University of Texas shooting revives debate over allowing guns on college campuses

By Robert T. Garrett
The Dallas Morning News

AUSTIN, Texas — The University of Texas shooting stoked a simmering conflict Tuesday about allowing handguns on campus – an issue that’s already roiled the governor’s race and sent hundreds of students marching in protest last year.

Gov. Rick Perry says he favors allowing guns at colleges, giving owners a chance to intervene. Police groups and others say that would only confuse what are potentially chaotic situations.

Perry’s Democratic challenger, Bill White, says state policymakers should stand down and let individual campuses decide.

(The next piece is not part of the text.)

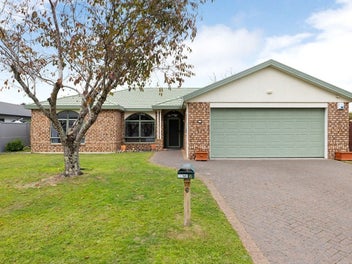 6 Bouverie Crescent, Flagstaff, Hamilton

The debate unfolded on the same day that an outspoken advocate of guns on campus, University of Maryland research scientist John Lott, was to speak at the UT Law School.

Lott’s appearance was switched to a bookstore near campus after at least one sponsoring student group was reluctant to proceed after the day’s events, said Robert Butler, executive director of the state Libertarian Party.

Butler said Texas’ concealed handgun license holders should be able to carry on campus – which is now prohibited.

“The record shows that when people are able to defend themselves, they have a better chance of survival,” he said, citing delays in police response to crime scenes.

John Woods, a UT graduate student who organized an anti-gun rally last year, disagreed. He said that having more guns on campus wouldn’t improve security.

“If there were multiple students running around with guns, it would’ve made the police’s job a lot harder this morning,” Woods said Tuesday. He was a student at Virginia Tech University in 2007 when a gunman killed 32 people, including Woods’ girlfriend.

He said gun backers don’t understand that training to get a concealed carry license is “just eight hours in a classroom and a couple of shots at a target that’s not moving in a range – a very, very controlled situation.”

The march by students to the Capitol last year protested a bill that would have allowed students, faculty and administrators to carry concealed handguns on campus. It passed the Senate but was derailed in the House.

In the past three years, lawmakers in 21 other states, including Arkansas, Louisiana and Oklahoma, rejected bills allowing students to carry concealed handguns at colleges and universities.

Andy Pelosi, president of GunFreeKids.org, said that of more than 500 public four-year colleges and universities, just over 20 – mostly in Utah and Colorado – allow guns on campus.

But Daniel Crocker, Southwest regional director for Students for Concealed Carry on Campus, which is active at UT, said: “Students and faculty deserve options beyond relying on the altruism – or poor aim – of a madman.”

Katy Bacon, a White spokeswoman, said “Perry wants to mandate allowing guns on campus” but White believes “students, parents, administrators, and security personnel should decide.”

Perry spokesman Mark Miner played down the Republican governor’s differences with police groups on the issue and said Perry is “a strong believer and supporter of the Second Amendment, and Bill White isn’t.”